Enquanto estamos cada vez mais presos aos reforços da rede e da
mídia, o mundo, a nossa casa, transforma-se num lugar insalubre. Violência, destruição
da natureza, corrupção solta – e não está concentrada no Brasil, como muitos
parecem acreditar – guerras estúpidas, tudo estimulando intensivamente um
gigante da alma humana, o medo, este sentimento que nos oprime e nos mantém trancafiados em casa ou perambulando nos
shoppingcenters (já em vias de desaparecerem, engolidos pela mudanças das formas de comercialização).

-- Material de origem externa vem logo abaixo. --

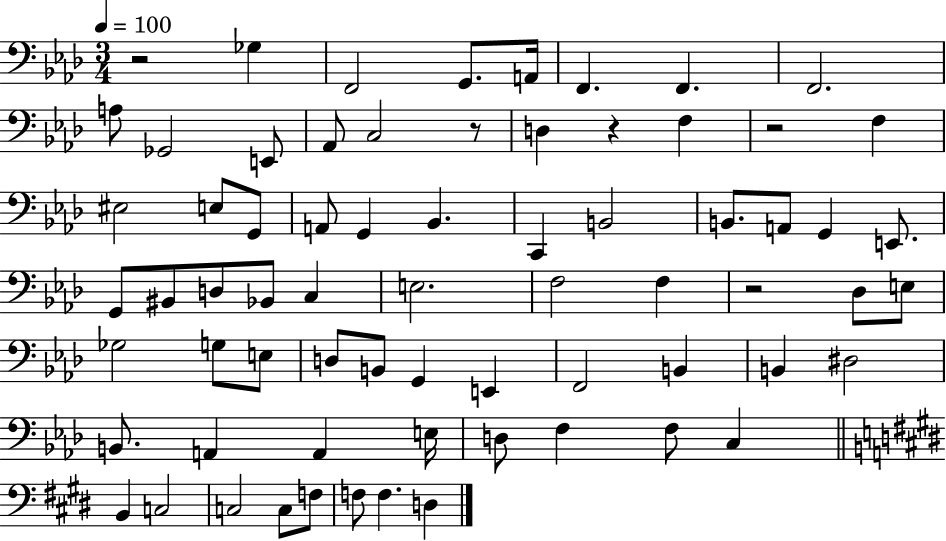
R/h Gb3/q F2/h G2/e. A2/s F2/q. F2/q. F2/h. A3/e Gb2/h E2/e Ab2/e C3/h R/e D3/q R/q F3/q R/h F3/q EIS3/h E3/e G2/e A2/e G2/q Bb2/q. C2/q B2/h B2/e. A2/e G2/q E2/e. G2/e BIS2/e D3/e Bb2/e C3/q E3/h. F3/h F3/q R/h Db3/e E3/e Gb3/h G3/e E3/e D3/e B2/e G2/q E2/q F2/h B2/q B2/q D#3/h B2/e. A2/q A2/q E3/s D3/e F3/q F3/e C3/q B2/q C3/h C3/h C3/e F3/e F3/e F3/q. D3/q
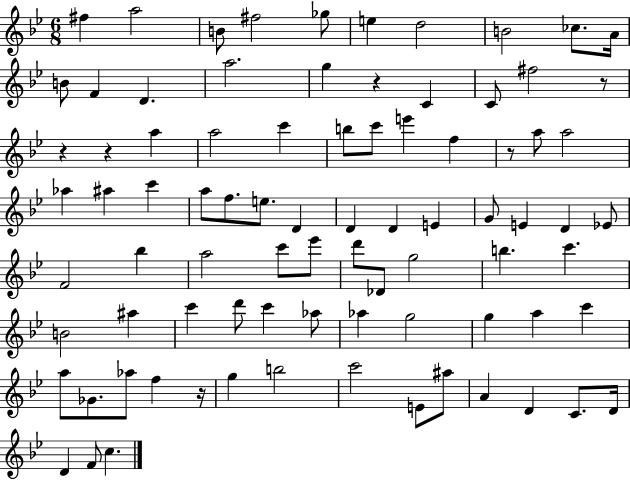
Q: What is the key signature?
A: BES major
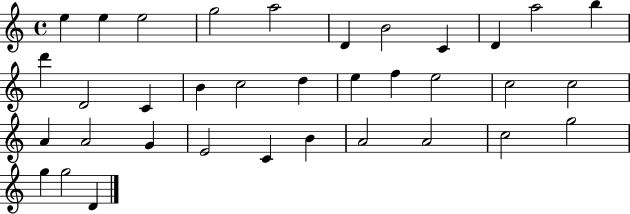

Poucos se atrevem a protestar e quando o fazem, nem sempre entendem muito
bem sobre o que estão protestando. Quando acontece de multidões saírem às ruas,
como no caso dos acontecimentos de massa que têm ocorrido pelo Brasil inteiro, os
cartazes deixam claro que são diferentes motivos que movem aquelas pessoas e,
infelizmente, um deles é o ódio, outro gigante da alma, segundo Mira y Lopes. Criam-se manifestações perigosas porque levam em seu bojo a semente da separação.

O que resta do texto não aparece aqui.